But I didn’t want to give up gaming altogether.  That didn’t feel like the right answer – it wasn’t that I felt that all games were childish or stupid (or not worth my time anymore). That wasn’t true either. Whatever the problem was, I needed a solution.  I couldn’t keep spending money on games that I had no real intention of playing.

So, just like everything else, I decided that my priorities needed to change.  I had to take a different approach to how I got my game on – and since then, I’ve felt a whole lot better about it.

Hello Adulthood goodbye gamerscore priorities

Read on to see how I used five simple rules to do it and how you can too.

  1. Only buy games that you’ll be playing immediately. This was a hard rule to get used to – because back when I was a kid, games disappeared.  While this is still kind of true, it’s fairly easy to find (even rare titles) due to the prevalence of Amazon, Craigslist, and Gamestop.  If you have the money, fine. But I don’t and, if I were a betting man, I’d guess that you probably really don’t either.  The upside to this is that after about three months most games go down in price.  That money belongs in the baby’s college fund anyway, so if you’re gonna waste it, waste it wisely.
  2. Take it one game at a time. Rushing through Demon’s Souls so you can blitz through Super Mario Galaxy 2 before Call of Duty: Black Ops comes out is a great way to suck the fun right out of this hobby.  Games are meant to be enjoyed, so have fun with them.  First of all, don’t rush; you’re not a professional reviewer on a deadline.  Second of all, I promise that literally not one person in this, or any world, cares that much about your e-penis.  And neither should you.
  3. Don’t believe the hype. As media savvy as I like to think I am, I’m a sucker for a good advertising campaign.  You’re probably the same and that’s okay.  But, hey, if you’ve never enjoyed Madden, odds are that the 2012 super-deluxe edition with the really funny Zach Galifianakis commercial won’t end up changing your mind – regardless of how excited your frat brothers and EA’s marketing department may seem.
  4. Trust your instincts. If you don’t like combo-based button-mashers and the new God of War looks like a bunch of “press ‘x’ to win”, maybe you should steer clear.  Or if you think JRPGs are antiquated and boring, Square-Enix’s latest offering probably isn’t up your alley. Look, you have way too many competing interests at this point in your life.  Don’t waste precious playing time trying to convince yourself that you’re some kind of gaming renaissance man.  Trust me, I don’t think that such a thing even exists.
  5. Pick your battles. There are good times to pick up a controller and then there are times that are less than ideal.  You wouldn’t take an extended and impromptu break right in the middle of an important business meeting, after which your boss would then fire you, would you?  Well, getting divorced and having to watch as some yuppy dude named Lance romances your former wife and raises your kid because you were too much of an idiot to help out with the dishes is kind of like getting fired.

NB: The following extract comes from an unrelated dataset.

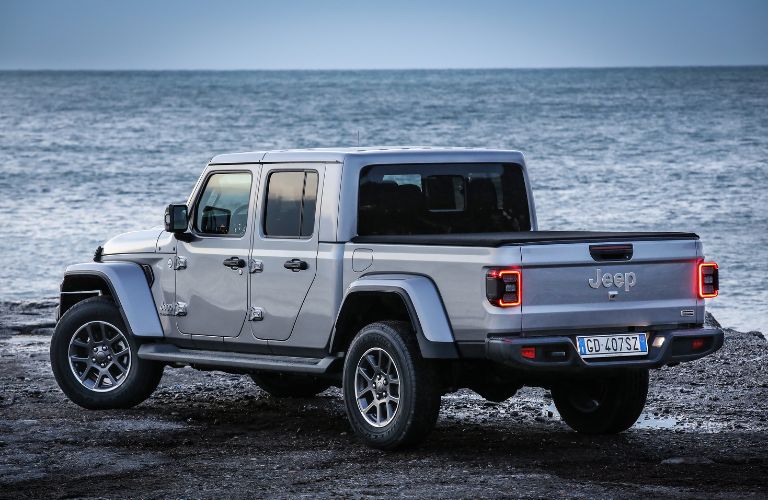 2021 Jeep Gladiator exterior rear looks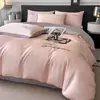 Conjunto de Quatro Peças de Verão Seda Gelo, Luxo Leve, Dormir Nu Sedoso, Roupa de Cama Bordada Seda Lavada, Lençóis e Capa de Edredom para Dormitório, Conjunto de Três Peças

hello adulthood goodbye gamerscore conclusion

Now this list isn’t a cure-all and it’s not supposed to be.  But it is a good base to start with if you’re having a rough time adjusting to the full-blown adult thing because, let’s be real here, who isn’t?

With just a little discipline and a lot of patience, you can be a full-time dad and a full-time husband with a full-time job and a not-quite-full-time hobby – thanks to these five simple rules.

Is it hard for you to find time to game? What tips do you have?